Com uma rede de combate e atenção estruturada, ela conta que Secretaria da Mulher e Assuntos da Família de Apucarana acompanhou, somente neste primeiro semestre de 2017, quase 1,5 mil vítimas de algum tipo de violência doméstica. Os serviços de atendimento às mulheres são feitos através do Centro de Apoio à Mulher (CAM), que fica na Rua Ouro Verde, 300, no Jardim América, região oeste da cidade. Este acompanhamento é realizado através de serviços de apoio nas áreas psicológica, social e jurídica. O telefone de contato é o 3422-4479. Já denúncias de violência devem ser comunicadas pelos telefones 180 ou 190.
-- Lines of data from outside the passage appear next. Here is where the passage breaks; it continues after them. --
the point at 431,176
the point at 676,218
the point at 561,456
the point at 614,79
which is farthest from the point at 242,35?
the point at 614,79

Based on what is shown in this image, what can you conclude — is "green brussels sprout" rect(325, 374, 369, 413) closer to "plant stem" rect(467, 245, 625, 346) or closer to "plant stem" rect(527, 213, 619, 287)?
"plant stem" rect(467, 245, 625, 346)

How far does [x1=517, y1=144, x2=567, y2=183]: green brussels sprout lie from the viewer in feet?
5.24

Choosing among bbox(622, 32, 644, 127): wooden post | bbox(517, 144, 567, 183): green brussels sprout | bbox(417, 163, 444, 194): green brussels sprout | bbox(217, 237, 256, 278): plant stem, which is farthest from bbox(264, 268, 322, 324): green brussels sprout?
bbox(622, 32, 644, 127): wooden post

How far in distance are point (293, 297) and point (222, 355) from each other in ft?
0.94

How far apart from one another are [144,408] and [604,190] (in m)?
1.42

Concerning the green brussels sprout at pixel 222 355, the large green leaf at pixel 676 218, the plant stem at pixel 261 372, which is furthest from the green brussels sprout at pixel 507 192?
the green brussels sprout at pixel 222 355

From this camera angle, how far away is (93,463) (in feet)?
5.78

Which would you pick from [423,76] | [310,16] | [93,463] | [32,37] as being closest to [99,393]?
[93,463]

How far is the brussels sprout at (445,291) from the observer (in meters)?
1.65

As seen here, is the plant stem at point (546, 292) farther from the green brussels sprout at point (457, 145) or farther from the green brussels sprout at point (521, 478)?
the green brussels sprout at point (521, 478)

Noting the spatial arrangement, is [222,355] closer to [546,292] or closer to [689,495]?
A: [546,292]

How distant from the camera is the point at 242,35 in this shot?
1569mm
Durante o evento, o juiz de Direito da 2ª Vara Criminal de Apucarana, Dr. Osvaldo Soares Neto, se disse “envaidecido” por estar em uma comarca que conta com uma rede de proteção à mulher vítima de violência. “Parabenizo a secretária Denise e toda sua equipe, que atuam com grande afinco no atendimento à mulher, buscando dar toda assessoria necessária nesse momento, seja psicológico, social ou jurídico”, pontuou o magistrado.
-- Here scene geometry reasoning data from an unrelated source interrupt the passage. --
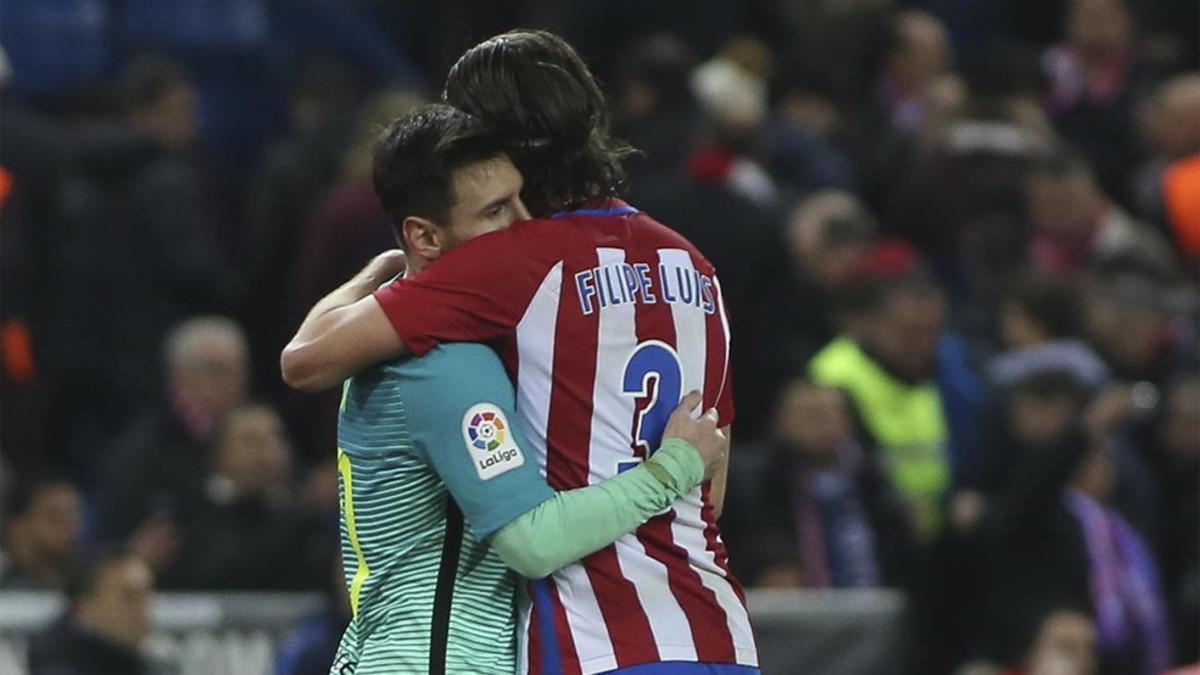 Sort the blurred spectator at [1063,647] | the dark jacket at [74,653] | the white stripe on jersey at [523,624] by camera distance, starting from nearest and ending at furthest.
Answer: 1. the white stripe on jersey at [523,624]
2. the blurred spectator at [1063,647]
3. the dark jacket at [74,653]

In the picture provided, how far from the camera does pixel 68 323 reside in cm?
1080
Ele destacou a parceria do Poder Judiciário com a Prefeitura de Apucarana. “Temos um trabalho em conjunto com a Secretaria da Mulher direcionado às mulheres presas, que muitas vezes ingressaram no mundo do crime em razão de seus companheiros. E este projeto tem levado dignidade a elas, ensinando algum tipo de ofício para que quando saírem possam melhor reingressar à vida em sociedade tendo sua renda independente de outras pessoas”, exemplificou Dr. Osvaldo. Ele também parabenizou pela iniciativa do evento e destacou que as vítimas de violência têm, em Apucarana juízes, comprometidos com a celeridade dos processos. “Para que a justiça chegue e não seja tardia”, concluiu.